Top of Exercise materials
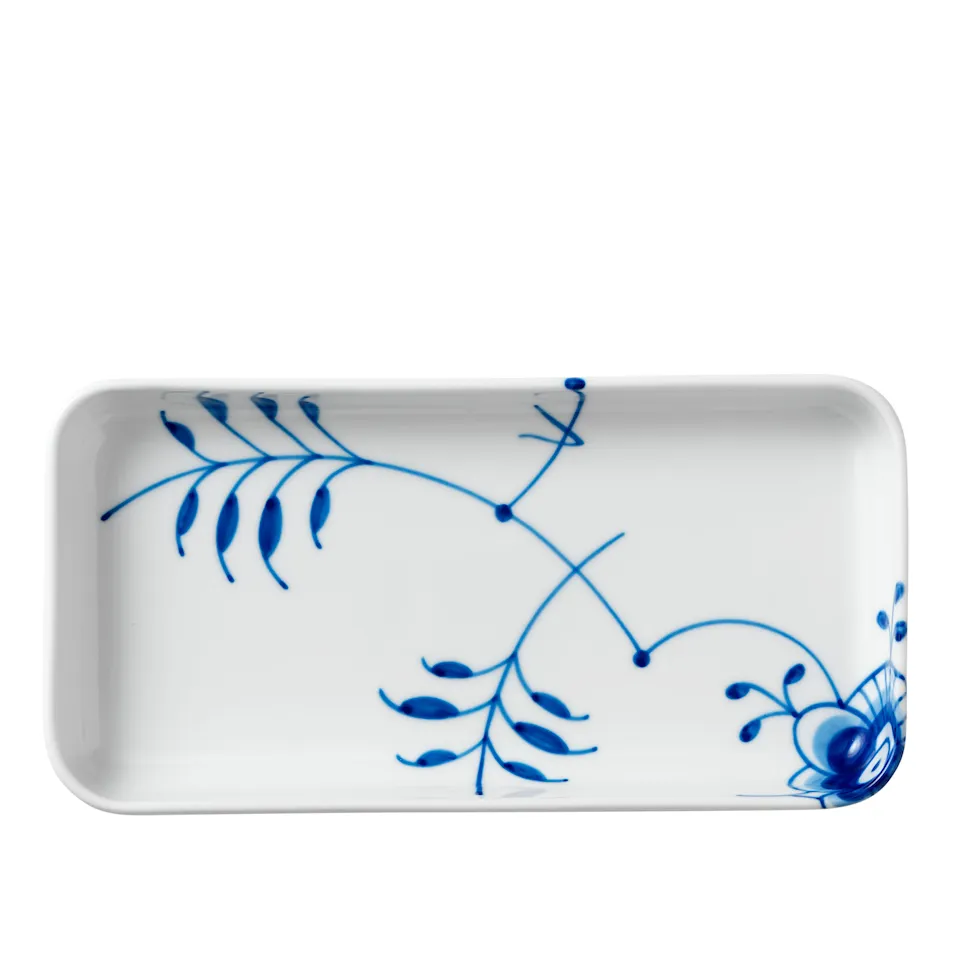 Blue Fluted Mega Rectangular Dish 24 cm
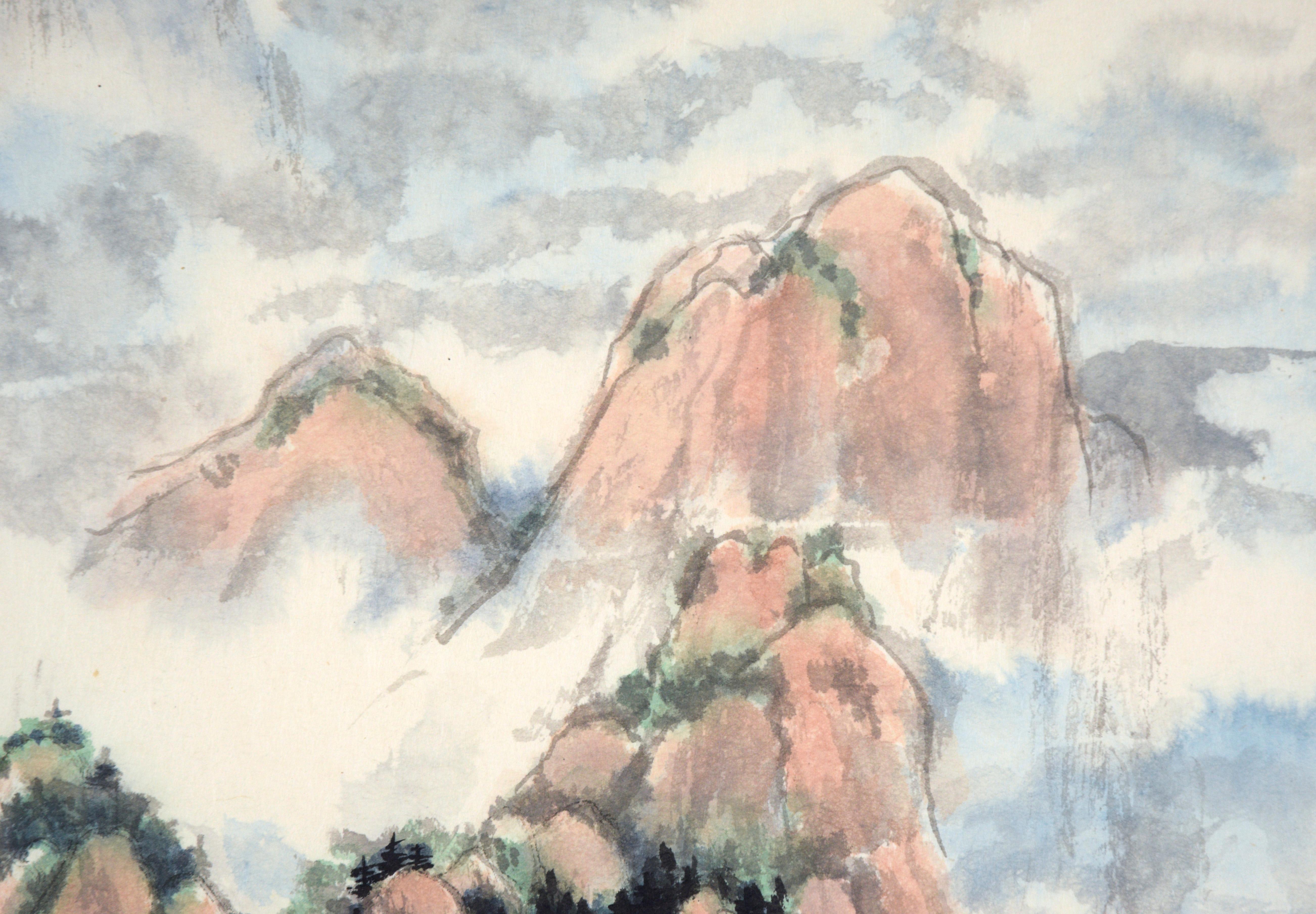 Spring Rain - Vertical Chinese Landscape with Waterfalls and Mountains

Idyllic landscape with a massive waterfall by an unknown artist (20th Century). The scene depicted is a series of mountains, receding into the distance. In the mid ground, there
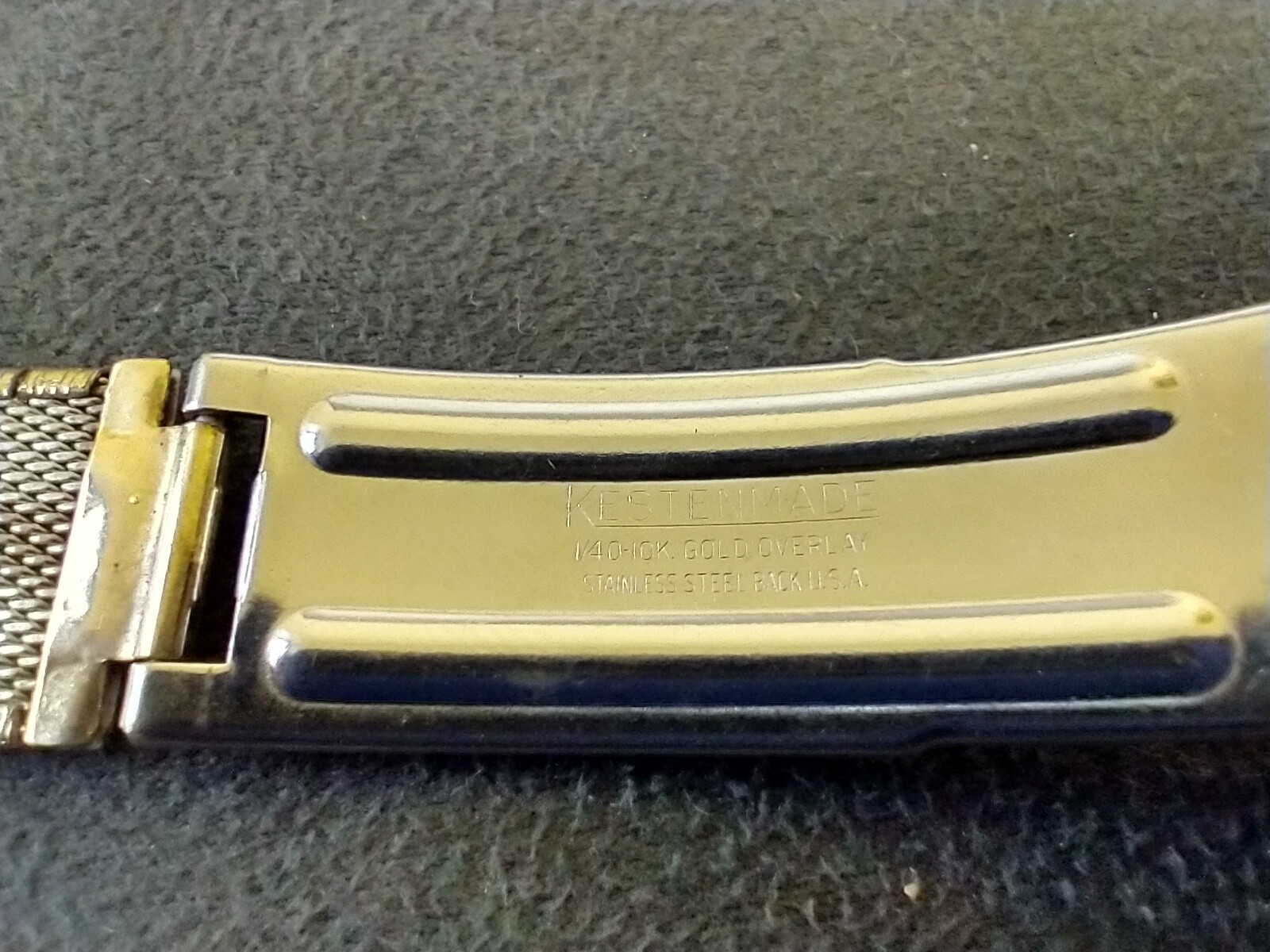 Vintage Kestenmade Mesh 1/40 10k Gold Overlay In Good Condition 16 1/2mm Lug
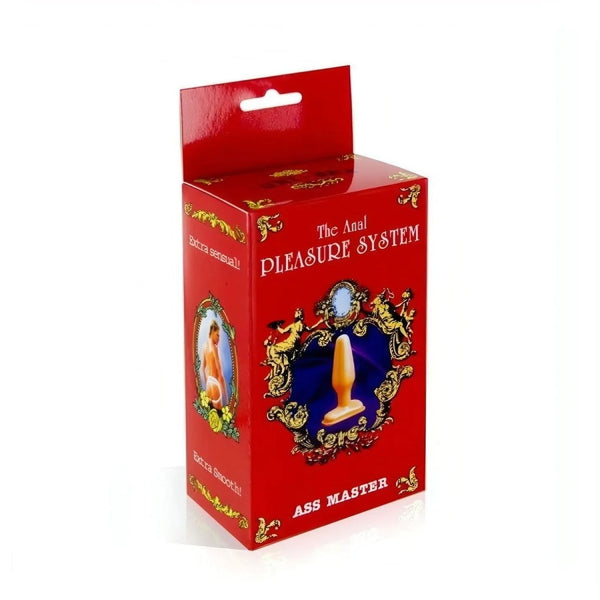 Confezione rossa Ass Master plug anale con dettagli dorati e illustrazione barocca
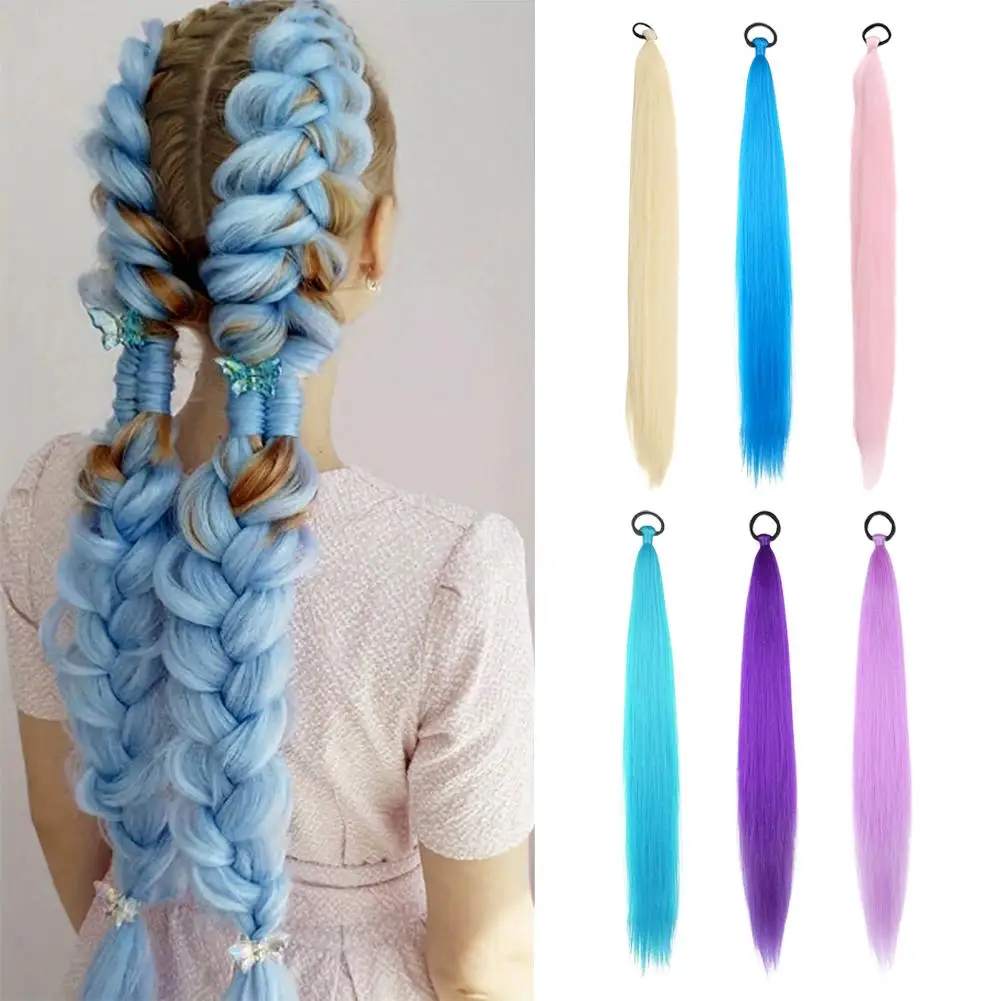 Queue de cheval droite synthétique avec attache élastique pour cheveux, Extensions capillaires tressées colorées, accessoires pour cheveux pour femmes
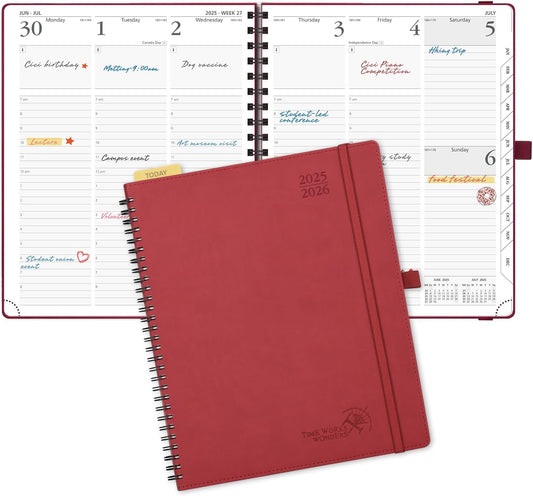 POPRUN Planner 2025-2026 (Large - 8.5'' x 10.5'') Academic Weekly Calendar (July 2025 - June 2026) with Hourly Time Slots, Monthly Tabs, 100GSM Thick Papers, Spiral Leather Cover - Burgundy Red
Bottom of Exercise materials
(Activity) Give the listing again, exactly as it appears, but without its images.

(Result below)
 Blue Fluted Mega Rectangular Dish 24 cm
 Spring Rain - Vertical Chinese Landscape with Waterfalls and Mountains

Idyllic landscape with a massive waterfall by an unknown artist (20th Century). The scene depicted is a series of mountains, receding into the distance. In the mid ground, there
 Vintage Kestenmade Mesh 1/40 10k Gold Overlay In Good Condition 16 1/2mm Lug
 Confezione rossa Ass Master plug anale con dettagli dorati e illustrazione barocca
 Queue de cheval droite synthétique avec attache élastique pour cheveux, Extensions capillaires tressées colorées, accessoires pour cheveux pour femmes
 POPRUN Planner 2025-2026 (Large - 8.5'' x 10.5'') Academic Weekly Calendar (July 2025 - June 2026) with Hourly Time Slots, Monthly Tabs, 100GSM Thick Papers, Spiral Leather Cover - Burgundy Red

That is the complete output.